Design: Each subject was carefully questioned about the following: sensation in the face at rest, light touch of different areas, and sensation in natural situations (e.g., exposure to cold weather) that reveal sensory abnormalities. A cotton-tip applicator stick was stroked lightly across the facial skin. The subject's descriptions of the evoked sensations were used to identify and outline areas with abnormal sensation.

Setting: Data were obtained from subjects participating in a longitudinal, university-based study of the functional outcomes of lip revision surgery.

Patients: Seventeen patients with cleft lip and 12 control subjects (aged 7 to 22 years, mean 12.9 years) participated.

Results: In contrast to control subjects, 9 of 16 patients (56%) reported loss in sensation, described as decreased touch, scratch, tickle, or tingle intensity. Six other patients (38%) reported additional sensation, described as increased scratch, tickle, or tingle intensity. In eight patients, the altered sensation was restricted to the skin area flanking and including the visible scar, encompassing no more than 25% of the total area bound by the inferior nose, nasolabial grooves and inferior vermilion. In seven patients (unilateral cleft), the altered area extended to the contralateral, noncleft side of the upper lip or onto the philtrum.

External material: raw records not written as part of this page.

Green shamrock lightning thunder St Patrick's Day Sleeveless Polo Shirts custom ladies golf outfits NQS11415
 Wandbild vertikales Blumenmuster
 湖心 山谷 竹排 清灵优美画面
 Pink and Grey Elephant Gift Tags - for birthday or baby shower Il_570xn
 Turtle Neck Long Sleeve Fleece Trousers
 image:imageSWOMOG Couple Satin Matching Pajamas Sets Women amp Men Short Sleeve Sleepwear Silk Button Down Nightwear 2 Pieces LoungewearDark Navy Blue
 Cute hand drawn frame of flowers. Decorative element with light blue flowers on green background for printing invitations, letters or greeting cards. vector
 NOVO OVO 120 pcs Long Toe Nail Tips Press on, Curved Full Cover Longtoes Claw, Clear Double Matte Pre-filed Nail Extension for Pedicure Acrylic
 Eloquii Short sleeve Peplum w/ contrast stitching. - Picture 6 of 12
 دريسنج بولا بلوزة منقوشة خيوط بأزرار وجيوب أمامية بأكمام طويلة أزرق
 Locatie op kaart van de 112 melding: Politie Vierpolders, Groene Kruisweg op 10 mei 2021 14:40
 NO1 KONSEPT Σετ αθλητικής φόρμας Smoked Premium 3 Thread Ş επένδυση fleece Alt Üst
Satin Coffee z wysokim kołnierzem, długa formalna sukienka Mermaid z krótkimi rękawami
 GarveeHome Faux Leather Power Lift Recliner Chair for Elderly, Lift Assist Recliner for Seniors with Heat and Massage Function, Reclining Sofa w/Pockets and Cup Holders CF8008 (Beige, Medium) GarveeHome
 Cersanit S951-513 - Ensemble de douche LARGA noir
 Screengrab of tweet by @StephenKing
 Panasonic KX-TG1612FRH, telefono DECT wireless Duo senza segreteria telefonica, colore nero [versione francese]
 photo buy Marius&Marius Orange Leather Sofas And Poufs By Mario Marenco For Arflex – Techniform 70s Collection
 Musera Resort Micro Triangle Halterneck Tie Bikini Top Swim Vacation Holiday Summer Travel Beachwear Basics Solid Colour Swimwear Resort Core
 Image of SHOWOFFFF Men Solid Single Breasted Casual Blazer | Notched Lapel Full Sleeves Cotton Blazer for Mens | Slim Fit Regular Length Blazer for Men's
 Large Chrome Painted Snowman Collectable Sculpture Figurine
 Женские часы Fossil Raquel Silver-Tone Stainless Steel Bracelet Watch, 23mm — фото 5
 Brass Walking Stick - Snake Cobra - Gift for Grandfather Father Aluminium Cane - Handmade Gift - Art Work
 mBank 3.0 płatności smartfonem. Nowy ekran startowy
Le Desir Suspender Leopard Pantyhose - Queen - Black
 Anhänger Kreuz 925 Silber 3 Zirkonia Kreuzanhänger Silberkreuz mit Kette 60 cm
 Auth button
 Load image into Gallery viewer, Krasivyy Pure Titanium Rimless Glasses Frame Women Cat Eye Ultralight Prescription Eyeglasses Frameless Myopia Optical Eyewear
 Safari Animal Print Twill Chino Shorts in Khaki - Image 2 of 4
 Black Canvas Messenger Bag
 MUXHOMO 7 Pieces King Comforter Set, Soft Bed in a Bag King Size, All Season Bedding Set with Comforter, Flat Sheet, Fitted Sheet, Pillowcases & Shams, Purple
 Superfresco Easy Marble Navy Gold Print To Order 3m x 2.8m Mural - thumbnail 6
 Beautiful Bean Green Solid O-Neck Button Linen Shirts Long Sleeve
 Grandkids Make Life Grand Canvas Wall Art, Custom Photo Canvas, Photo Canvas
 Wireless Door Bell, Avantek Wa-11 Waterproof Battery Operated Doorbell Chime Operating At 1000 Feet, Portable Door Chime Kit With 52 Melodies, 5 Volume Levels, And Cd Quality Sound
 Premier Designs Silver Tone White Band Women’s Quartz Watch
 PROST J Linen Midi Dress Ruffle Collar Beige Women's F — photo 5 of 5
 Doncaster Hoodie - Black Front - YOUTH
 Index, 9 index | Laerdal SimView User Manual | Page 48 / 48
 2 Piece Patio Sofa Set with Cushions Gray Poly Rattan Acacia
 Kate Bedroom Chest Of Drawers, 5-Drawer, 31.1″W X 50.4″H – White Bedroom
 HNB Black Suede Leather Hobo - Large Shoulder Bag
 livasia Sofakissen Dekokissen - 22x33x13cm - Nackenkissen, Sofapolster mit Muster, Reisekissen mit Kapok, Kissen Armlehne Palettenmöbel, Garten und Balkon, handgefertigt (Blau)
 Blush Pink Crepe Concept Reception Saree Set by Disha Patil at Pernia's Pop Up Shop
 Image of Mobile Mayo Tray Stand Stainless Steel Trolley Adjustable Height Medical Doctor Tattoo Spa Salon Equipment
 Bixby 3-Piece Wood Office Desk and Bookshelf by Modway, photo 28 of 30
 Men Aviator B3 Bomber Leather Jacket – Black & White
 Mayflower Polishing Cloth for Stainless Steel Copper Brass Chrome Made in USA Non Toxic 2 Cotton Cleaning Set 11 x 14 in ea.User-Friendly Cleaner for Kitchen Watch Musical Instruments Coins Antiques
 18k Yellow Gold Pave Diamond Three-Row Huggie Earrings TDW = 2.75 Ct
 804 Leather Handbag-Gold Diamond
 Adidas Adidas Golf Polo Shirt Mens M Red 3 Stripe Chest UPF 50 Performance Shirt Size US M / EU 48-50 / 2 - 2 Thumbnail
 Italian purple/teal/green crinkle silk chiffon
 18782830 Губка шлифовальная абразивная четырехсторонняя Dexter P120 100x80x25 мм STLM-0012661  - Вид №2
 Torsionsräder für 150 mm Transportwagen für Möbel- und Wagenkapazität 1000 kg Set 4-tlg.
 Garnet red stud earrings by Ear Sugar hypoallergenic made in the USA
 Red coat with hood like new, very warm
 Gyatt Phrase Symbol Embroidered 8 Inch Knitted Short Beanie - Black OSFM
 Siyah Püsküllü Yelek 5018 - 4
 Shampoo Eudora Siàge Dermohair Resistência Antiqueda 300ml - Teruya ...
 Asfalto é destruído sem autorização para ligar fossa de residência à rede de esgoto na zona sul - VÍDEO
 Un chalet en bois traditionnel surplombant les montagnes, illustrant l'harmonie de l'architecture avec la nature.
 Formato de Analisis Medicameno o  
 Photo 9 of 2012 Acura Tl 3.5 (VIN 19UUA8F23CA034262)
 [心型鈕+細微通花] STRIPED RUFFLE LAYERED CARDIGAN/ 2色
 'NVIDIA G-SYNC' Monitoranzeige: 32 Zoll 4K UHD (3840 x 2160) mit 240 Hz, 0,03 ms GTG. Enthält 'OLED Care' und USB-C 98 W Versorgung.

Conclusions: In contrast to the literature, sensation in the upper lip of many patients with cleft lip is not normal. Loss in sensation is exhibited most commonly and limited largely to the skin overlying tissues traumatized during reconstructive surgery.

Figures

FIGURE 1
FIGURE 1
Areas of altered sensation in two of the eight patients for whom the mapped area was limited to the skin flanking and including the visible scar. A: A 16-year-old boy with bilateral cleft lip and palate. B: A 16-year-old girl with right unilateral cleft lip.
FIGURE 2
FIGURE 2
Areas of altered sensation in two of the seven patients with unilateral cleft for whom the mapped area extended contralaterally onto the noncleft side or the philtrum. The areas also extended onto the nose. A: A 21-year-old woman with right unilateral cleft lip and palate. B: A 10-year-old girl with a left unilateral cleft lip.
FIGURE 3
FIGURE 3
Repeated mapping by the same examiner of a 16-year-old female subject with a left unilateral cleft lip and palate. A: Quickly performed mapping with use of a dental explorer. B: More carefully performed mapping 2 weeks later with cotton-tip and wooden-stick stimuli.
FIGURE 4
FIGURE 4
Repeated mapping of a 16-year-old male subject with a left unilateral cleft lip and palate. A: First mapping by examiner G.E. B: Second mapping 3.5 months later by examiner C.D. See text for additional details.